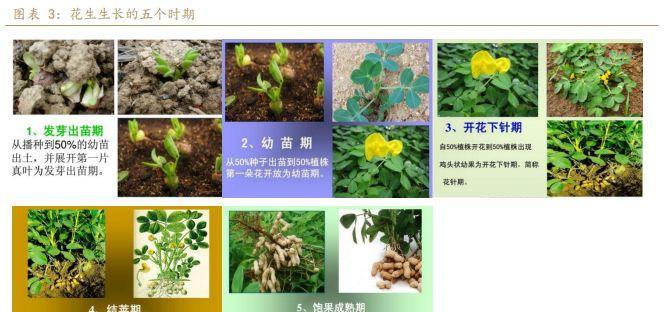 牡丹花单苗怎么种植？种植前需要了解哪些基础知识？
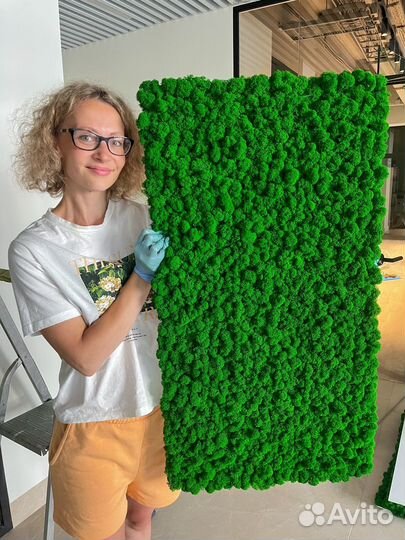 Панно картина фитостена панель стабилизирован мох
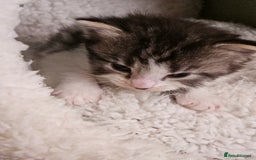 Mixed Breed cats for sale: 3 kittens for sale.  - Image 3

- [TASK DIRECTIONS]: Find the line containing "Панно картина фитостена" and copy it and each line after it through the end of the material, exactly, with no pictures.

- [RESULT FOR THIS EXERCISE]:
 Панно картина фитостена панель стабилизирован мох
 Mixed Breed cats for sale: 3 kittens for sale.  - Image 3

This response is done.